Opinião

Dia do Presidente

Hoje, segunda-feira 20 de fevereiro, os EUA celebram o feriado a que chamam Dia do Presidente, criado em 1879 para celebrar o aniversário de George Washington. O problema é que agora todos os dias nos EUA são Dias do Presidente. E, sendo os EUA o que ainda são, todos os dias para o resto do mundo são Dias do Presidente dos EUA.

Não há nenhum dia que não seja dia de Trump. A rotina começa de madrugada, com os seus primeiros tuítes, provavelmente ainda na cama, atacando os jornalistas como "inimigos do povo" ou gabando-se da sua vitória, "a maior desde Ronald Reagan".

Levantamo-nos. Vamos trabalhar. À hora de almoço, perguntamo-nos "o que é que ele fez agora?". É difícil estar atualizado: pode ser um novo conflito de interesses, um novo nomeado corrupto, uma nova derrota nos tribunais. À tarde, Trump decide dar uma conferência de imprensa para se animar: ao longo de mais de uma hora de ataques incoerentes a tudo o que mexe, um momento mais revelador é quando um jornalista lhe pergunta sobre como pode dizer que a sua vitória foi a maior desde Reagan se — além de ter tido menos três milhões de votos do que a sua adversária — mesmo no colégio eleitoral Bill Clinton, George W. Bush e Obama todos tiveram vitórias maiores do que ele. "Não sei! São números que andam para aí! Há muita gente que diz que a minha vitória foi a maior". Chegada a noite e os americanos às suas casas, as próximas horas na televisão são ocupadas a discutir o que o Presidente fez e disse durante o dia. Na manhã seguinte, o ciclo repete-se.

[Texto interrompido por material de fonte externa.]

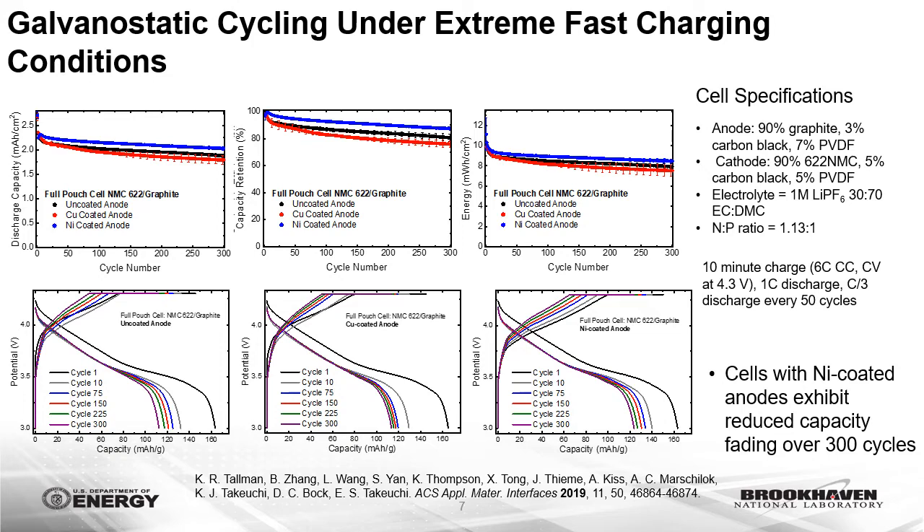The functional capacity of the metal-coated anodes compared to pristine graphite anodes was investigated in single-layer pouch cells with paired NMC622 cathodes under extreme fast charging conditions of a 10-minute constant current, constant voltage charge protocol with 1C discharge. Cells with the nickel-coated anodes in particular exhibited reduced capacity fading over 300 cycles, with capacity retention close to 88%, representing an approximate 7% to 8% improvement versus the control electrodes.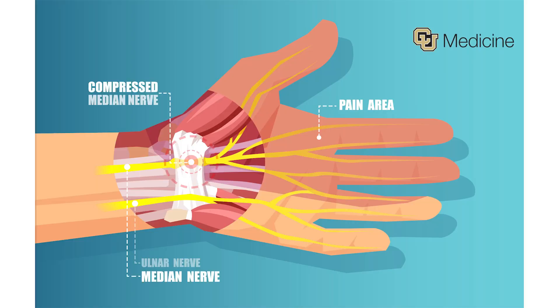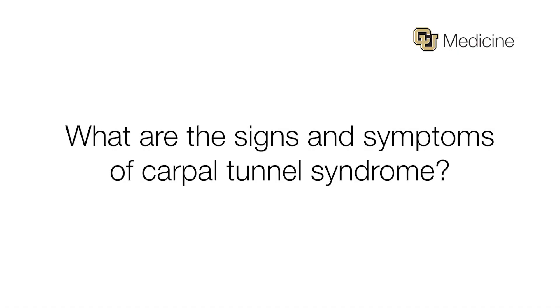It happens in 10 to 20 percent of patients, so it is fairly common. Some of the signs and symptoms of carpal tunnel syndrome include numbness in the fingers, and sometimes this can even wake you up at night. It's on the palmar side of your hand, more so on these digits near your thumb. Sometimes it's worse with overuse, and some of the most notable symptoms are having it wake you up at night and feeling like you need to shake out your hand or wrist.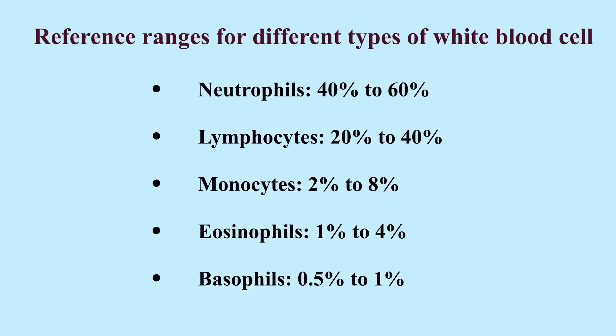20 to 40 percent of white blood cells are lymphocytes. Lymphocytes include T cells, B cells, and natural killer cells. They are responsible for antibody production, destruction of virus-infected cells and tumor cells, and regulation of immune responses. Monocytes travel through blood circulation to tissues in the body where they become macrophages or dendritic cells. Both macrophages and dendritic cells are important immune cells that help fight infections and boost immune responses. Both eosinophils and basophils are involved in allergic inflammation.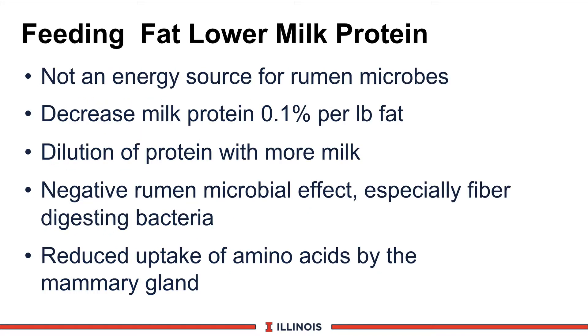One thing to watch when you feed fat: generally, feeding fats or oils will lower milk protein for several reasons. First, energy from fat is not a rumen microbial energy resource — the bugs don't grow on it, so you don't get that microbial amino acid kick. Second, a guideline from Dr. Carl Davis is that for each pound of added fat, expect a drop of about one-tenth of a percentage point in milk protein, primarily through dilution — we get more milk from the fat, but protein synthesis does not increase proportionally. Additionally, wrong kinds of oils or fats can negatively affect rumen microbial growth and efficiency, especially fiber-digesting bacteria, and certain fatty acids may limit amino acid uptake by the mammary gland.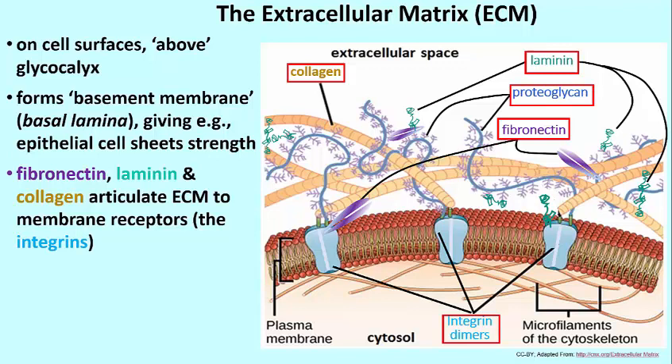Proteoglycans are proteins with rather large numbers of oligosaccharide sugars linked to them. These do not bind directly to any portion of the cell membrane, but they do bind, for example, to fibronectin, or they might bind to collagen. We also have fibronectin, a multifunctional protein with many binding sites. You can see fibronectin molecules binding to laminin, binding to collagen, binding to proteoglycans, and of course binding to integrin when it gets close enough to bind to one of the integrin receptors on the plasma membrane.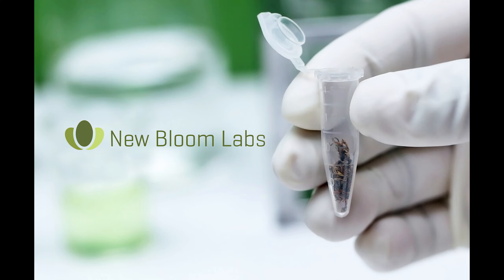They always provide next business day turnaround on potency tests. One to two business day turnaround on terpene profiles and screenings for heavy metals, pesticides, residual solvents, and mycotoxins. Give them a call today at 844-TEST-CBD or visit their website at newbloomlabs.com. Superior science, rapid results, New Bloom Labs.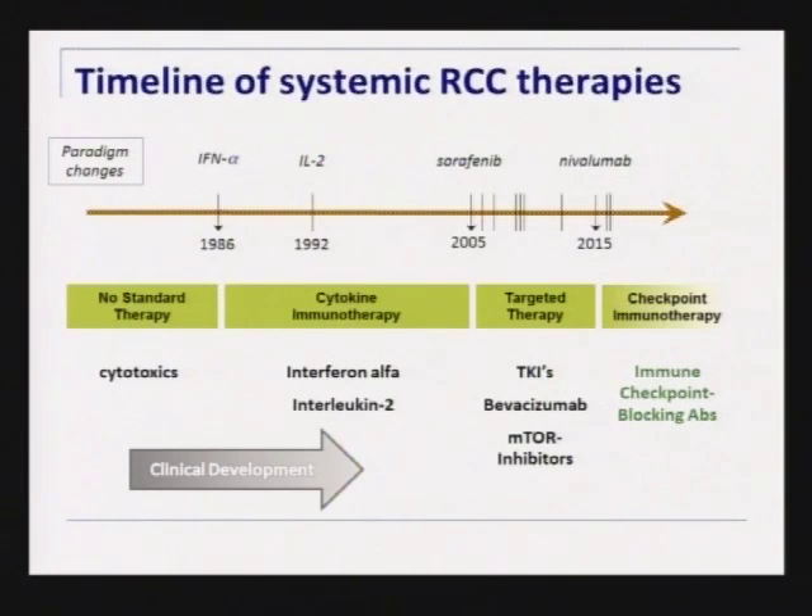Going back to the figure I showed you at the outset, an overview of what's available for kidney cancer over time. Changes in approach from a time where there really was no effective therapy and just supportive care, to a long interval of immunotherapy with cytokine therapy — interferon and interleukin-2 still have a role for some patients. The dominant drugs in the last 10 years have been targeted therapies, and just recently a brand new drug class entered: immune checkpoint blocking antibodies. Three new drug approvals in the last eight months for kidney cancer.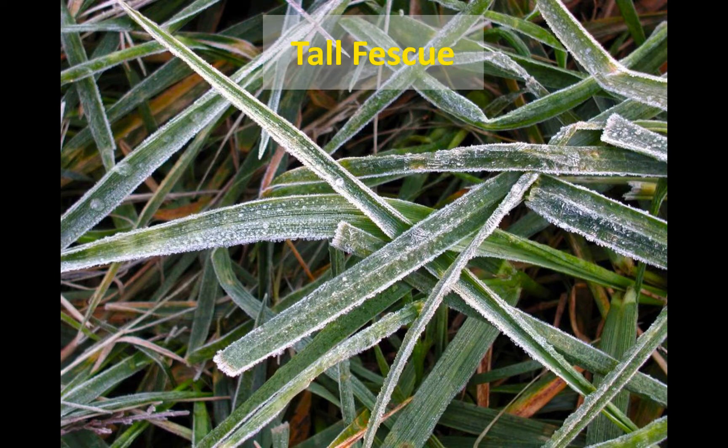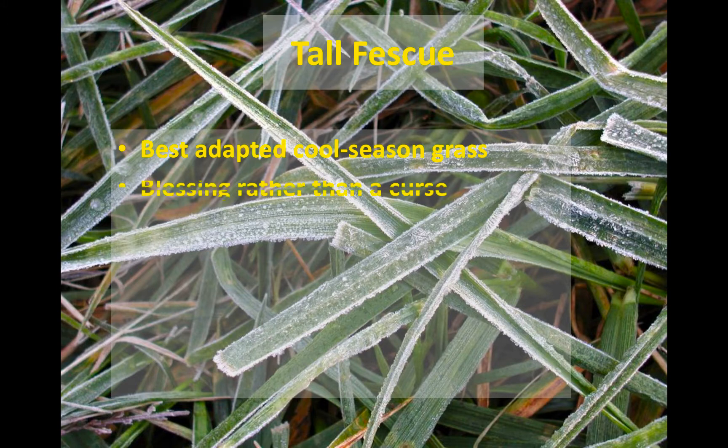Our best adapted cool season grass in this area by far is tall fescue. We often view fescue as a curse because it is infected with something called the endophyte — a fungus that lives within the plant. The natural or toxic endophyte that infects tall fescue pastures produces a toxin called ergovalene, which causes vascular constriction in the animal and can lead to reproductive issues in cattle, horses, and small ruminants. But tall fescue in this part of the country has weaned more calves than any other single grass.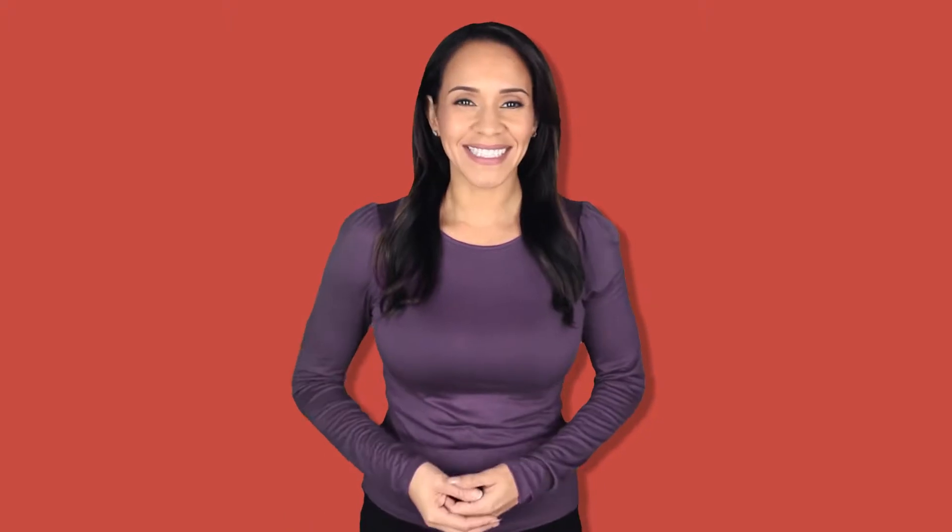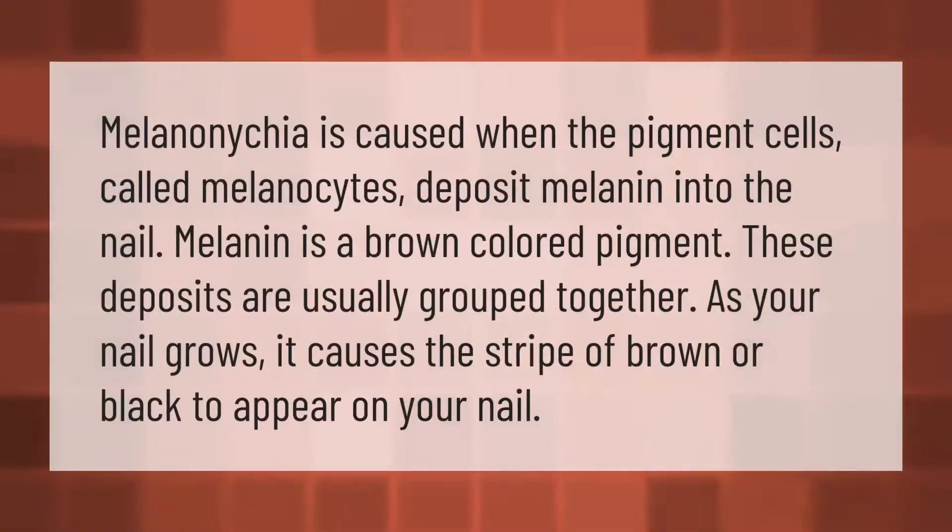Melaninacea is caused when pigment cells called melanocytes deposit melanin into the nail. Melanin is a brown-colored pigment. These deposits are usually grouped together, and as your nail grows, it causes a stripe of brown or black to appear on your nail.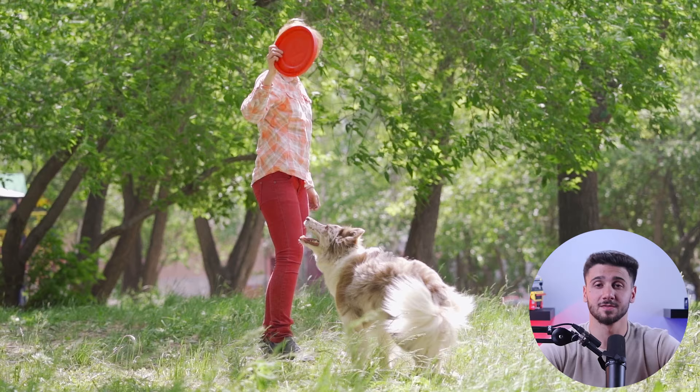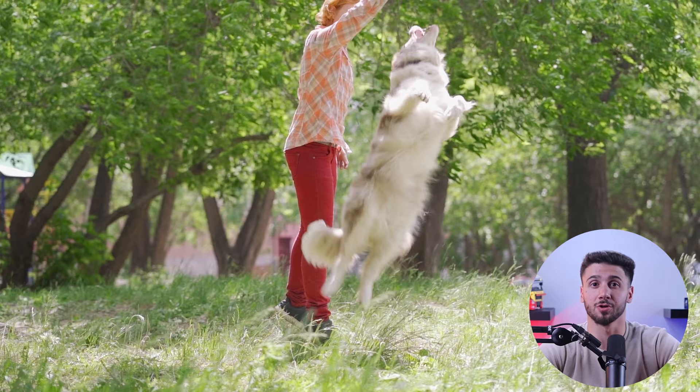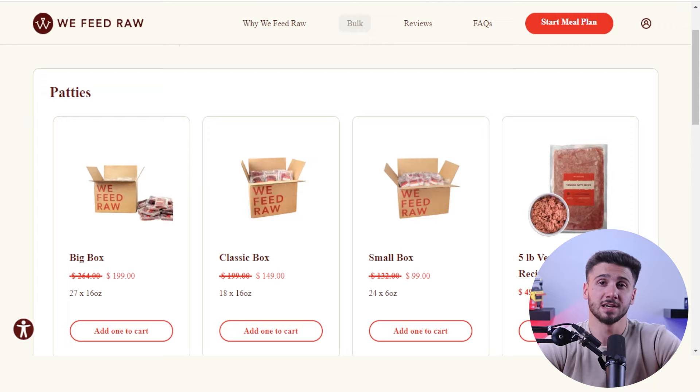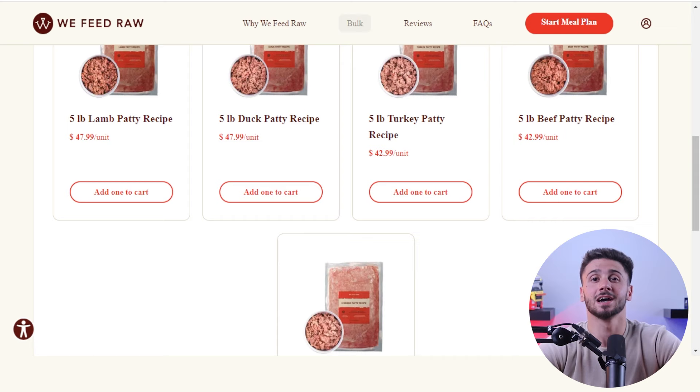For starters, high quality protein is an absolute must for Border Collies. These energetic dogs need a protein-rich diet to support their muscular maintenance and overall health. So you can look for dog foods that contain sources like chicken, beef, lamb, and fish to make sure your Border Collie gets the protein they need to thrive.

A memória a reter, se alguma fica, é que o Presidente mente. Mente sobre coisas importantes, sobre coisas banais, sobre coisas facilmente verificáveis, mente por necessidade e mente desnecessariamente. À sua volta, todos mentem. O seu porta-voz mente mais ou menos competentemente, a sua conselheira mente descaradamente — perdão, apresenta "alter-factos" —, o seu vice-presidente mente sonsamente. Quando são apanhados, têm uma escapatória fácil: chamar à imprensa "fake news", notícias falsas (do original alemão "lügenpresse" ou "imprensa mentirosa", inventado nos anos 30 por aqueles tipos que, é claro, não têm nada a ver com o trumpismo).

No meio, há coisas importantes que ninguém consegue apanhar. Durante a campanha, quando foi obrigado a apresentar algum programa político, Trump fez uma promessa clara: "no meu primeiro dia como presidente, declararei oficialmente que a China é um país manipulador monetário", o que seria o tiro de partida para uma guerra comercial global. Passado uns dias, Trump admitiu não reconhecer a soberania da China sobre Taiwan. Passado um mês, ambas as questões foram metidas na gaveta. O que terá acontecido entretanto? Um facto que pode ou não estar relacionado é que Trump ganhou no seu primeiro mês na Casa Branca uma rara atribuição de marca comercial na China, sobre o seu nome, durante dez anos — um negócio potencialmente muito lucrativo.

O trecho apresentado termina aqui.